Second, as suggested, it can’t be the existing pedagogy. Lecture and test don’t lead to retaining and transferring the ability to do. Instead, learning science tells us that we need to be given challenging problems, and resources and guidance to solve them. Quite simply, we need to practice as we want to be able to perform. Instruction is designed action and guided reflection. Ideally, we’d layer on learning on top of learner interests. Which leads to the third component.
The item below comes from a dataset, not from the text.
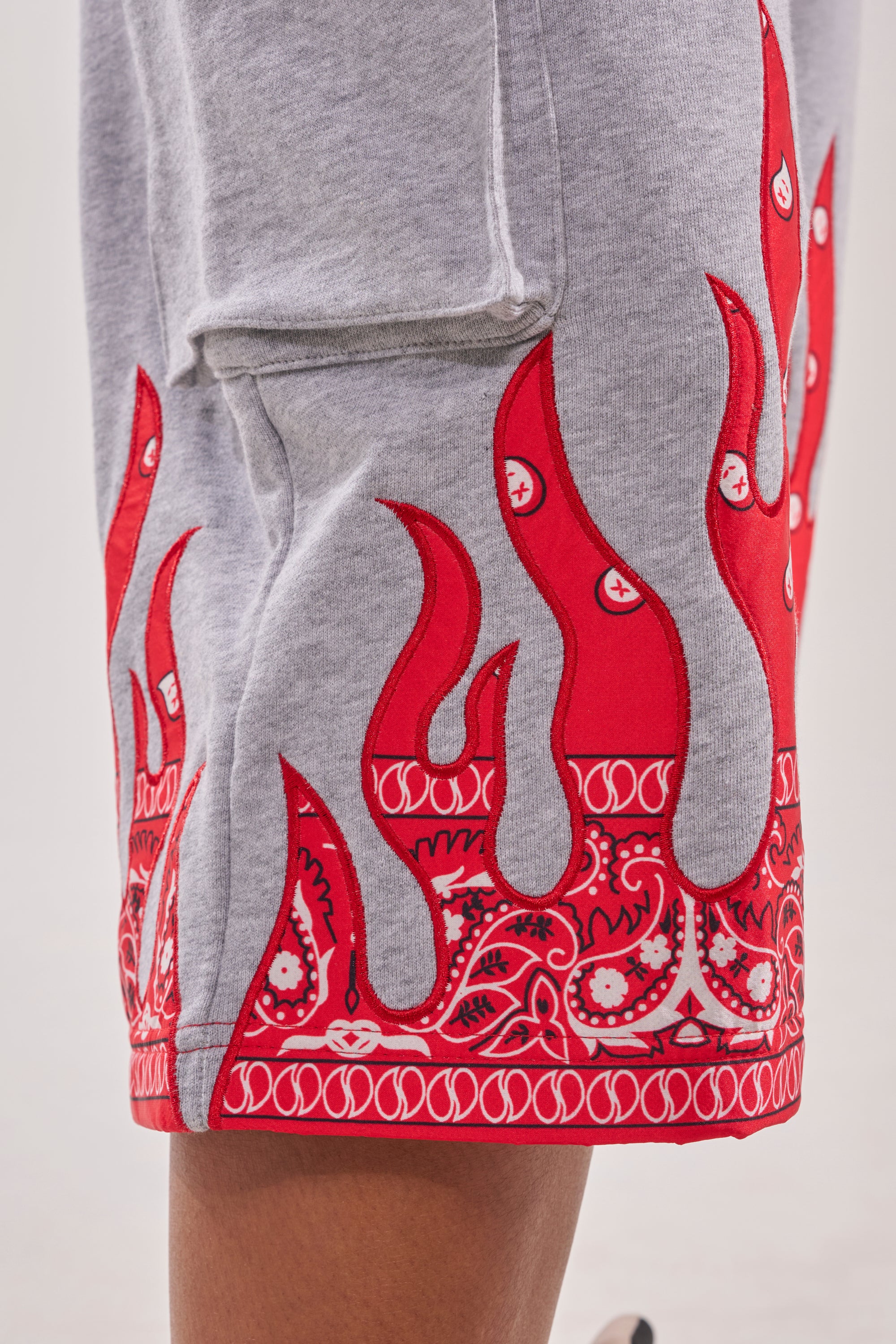 Close-up of the FIRE TO THE FLAMES BERMUDA SHORT, showcasing bold red paisley flame accents and a bandana pattern on the hem. The plain background highlights the unique cotton fabric details. 7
We need to develop teachers who can facilitate learning in this new pedagogy. We can’t assume teachers can do this. There are many dedicated teachers, but the system is aligned against effective outcomes. (Just look at the lack of success of educational reform initiatives.) David Preston, with his Open Source Learning has a wonderful idea, but it takes a different sort of teacher. We also can’t assume learners sitting at computers. So, having a teacher support component along with every element is important.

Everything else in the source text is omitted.